Several multiplex assays have been developed for the evaluation of Pnc Ps antibody concentrations, with various degrees of success in terms of agreement with the consensus ELISA (1, 4, 8, 11, 14). The electrochemiluminescence-based detection assay, which utilizes the ELISA format, is the only multiplex assay currently with agreement within 40% of WHO assignments for all seven serotypes (8). Although there are some differences in bead-based immunoassay protocols, the major differences can be found in the way that the polysaccharides are covalently bound to the beads. The study of Schlottmann et al. compared five different methods for coating beads with polysaccharide and found significant differences in the mean fluorescence intensity (MFI) signals, depending on the coating method used (14). For example, the assay described by Biagini et al., which is used as the basis for the CDC assay protocol, requires great care in the oxidation step with periodate to obtain reproducible concentrations (1, 9). The CDC assay was further standardized by evaluating the type and amount of CPS adsorbents (9, 15), adsorption of the standard with either one or a combination of two CPS preparations and 22F Ps, adsorption of the samples with lysate from rough Pnc strain R36A, calibration of the number of beads per assay, data analysis formats, and intra-assay and interassay variability. None of these factors significantly changed the calculated concentrations for the 12 reference sera (data not shown).
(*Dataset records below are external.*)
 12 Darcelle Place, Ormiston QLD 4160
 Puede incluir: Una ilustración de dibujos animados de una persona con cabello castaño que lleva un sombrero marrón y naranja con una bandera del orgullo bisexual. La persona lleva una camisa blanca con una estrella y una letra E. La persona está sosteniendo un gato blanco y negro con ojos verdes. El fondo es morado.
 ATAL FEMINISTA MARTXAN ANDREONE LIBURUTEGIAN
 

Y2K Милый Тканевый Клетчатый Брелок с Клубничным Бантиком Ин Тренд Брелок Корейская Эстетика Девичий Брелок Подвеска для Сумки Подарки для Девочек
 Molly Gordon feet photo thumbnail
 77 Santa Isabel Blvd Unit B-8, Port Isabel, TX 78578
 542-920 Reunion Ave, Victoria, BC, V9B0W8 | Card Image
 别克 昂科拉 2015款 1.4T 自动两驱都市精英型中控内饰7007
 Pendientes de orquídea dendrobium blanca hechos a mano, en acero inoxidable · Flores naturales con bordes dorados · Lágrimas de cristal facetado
Schlottmann et al. used Pnc Ps conjugation with DMTMM via the carboxyl rather than amino functional groups in the beads (14). The same group showed low reactivity (types 4, 5, 12F, and 19F) when they used poly-l-lysine conjugation and poor reactivity for 9 of 11 serotypes evaluated with periodate oxidation of the polysaccharides (14). However, the multiplex assay by Lal et al. used the poly-l-lysine conjugation described by Pickering and colleagues with good reproducibility, linearity, and range for calculation of IgG concentrations (4). This group successfully validated this multiplex bead-based immunoassay for the measurement of antibodies to 12 different anticapsular Pnc Ps serotypes. In this multilaboratory study, the poly-l-lysine assay had the highest level of agreement with the WHO-assigned antibody concentrations by ELISA. Previously, a nanoplex version of this assay also had high correlations with the ELISA results (r values between 0.95 and 0.98, depending on the serotype) (4). The nanoplex assay has the capacity of being combined in a 13-plex format along with a tetraplex assay for quantitation of antibodies to meningococcal polysaccharides A, C, Y, and W135 (4). This multiplex assay can reduce the amount of sera needed for the evaluation of both meningococcal and pneumococcal antibodies.
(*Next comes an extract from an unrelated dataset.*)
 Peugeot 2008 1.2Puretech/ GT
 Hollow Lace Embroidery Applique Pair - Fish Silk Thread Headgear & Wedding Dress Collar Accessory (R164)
In general, the LUM assay yielded higher concentrations than the other bead-based immunoassays and the WHO assignments. Perhaps the LUM assay may need additional blocking steps to reduce the background signal due to nonspecific binding of antibody, as described by Waterboer et al. (16). In addition, the LUM assay had a limited performance range. Multiple samples were found out of range and, therefore, required repeated testing at higher dilutions (1:200, 1:400, and 1:800) rather than using the recommended 1:100 dilution. Even at higher dilutions some serum samples were still out of the range of the standard curve.
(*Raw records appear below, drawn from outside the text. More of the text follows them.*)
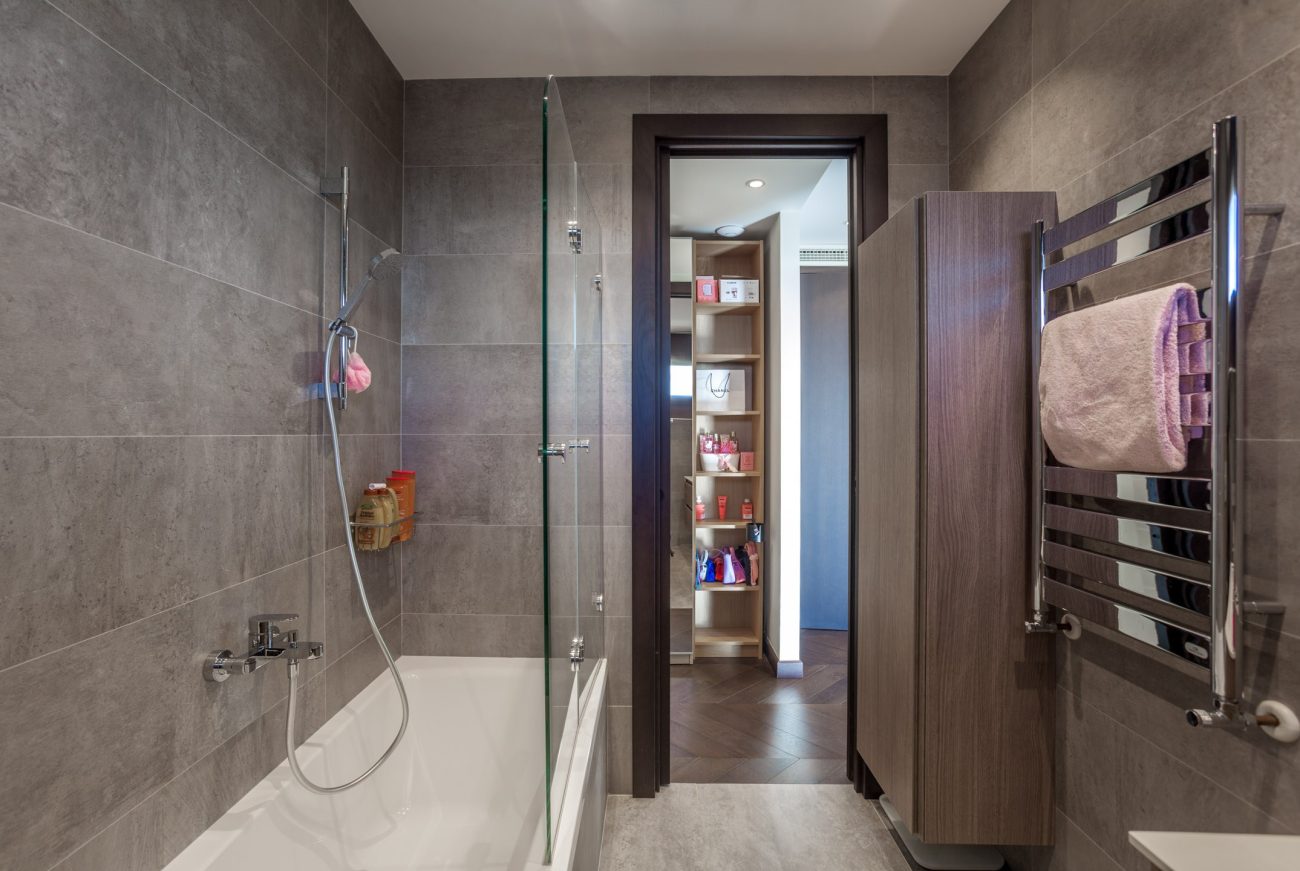 Immerse yourself in the luxury seaside experience in this frontline gem in Castelldefels with eco-innovative and technological features!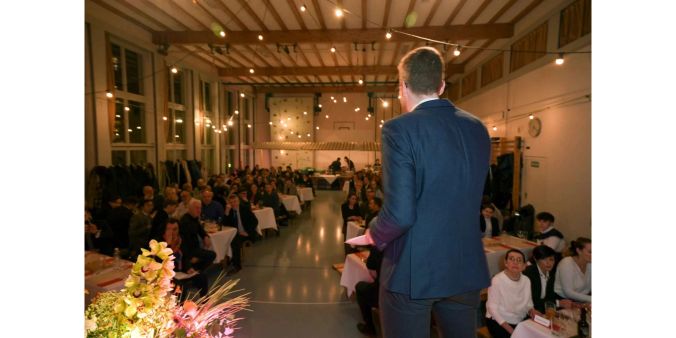 Festmoderation in der Bächtelen Turnhalle.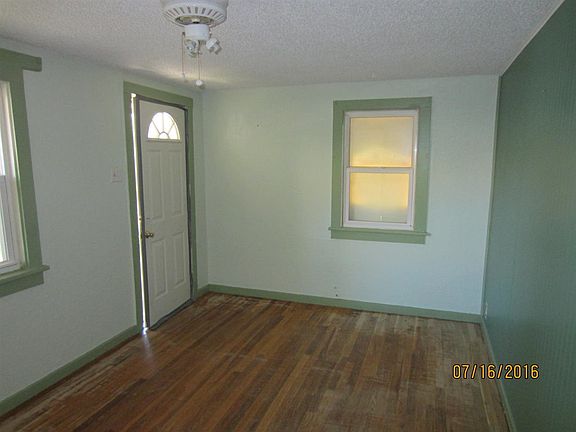 3rd image of 225 Crawford Ln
In this study, none of the three assays evaluated met the WHO recommendation of ≥75% of sera within 40% of the assigned values (www.vaccine.uab.edu) for all seven serotypes. We chose to use this parameter rather than the recommendation of ≥85% of sera within the same percent error as described by Plikaytis et al. (12). This lower cutoff is even more applicable when we consider that three out of five laboratories submitting ELISA data to WHO did not pass the recommendation of ≥85% of sera within 40% of the assigned concentrations for all seven serotypes (www.vaccine.uab.edu). These five laboratories were selected to participate in the calculation of assignments for a pneumococcal ELISA study in which sera were preadsorbed with CPS and 22F. At this time the WHO recommendations, based on these calculated assignments by ELISA, are still provisional and have provided a nonstatistical method for laboratories to compare results. The WHO recommendation for assays to be within 40% of the assigned means is a guideline for ELISAs only. There is no guarantee that it will be applicable for other types of assays. If we follow the WHO recommendations, the bead-based immunoassays cannot be used in vaccine evaluation for all seven serotypes.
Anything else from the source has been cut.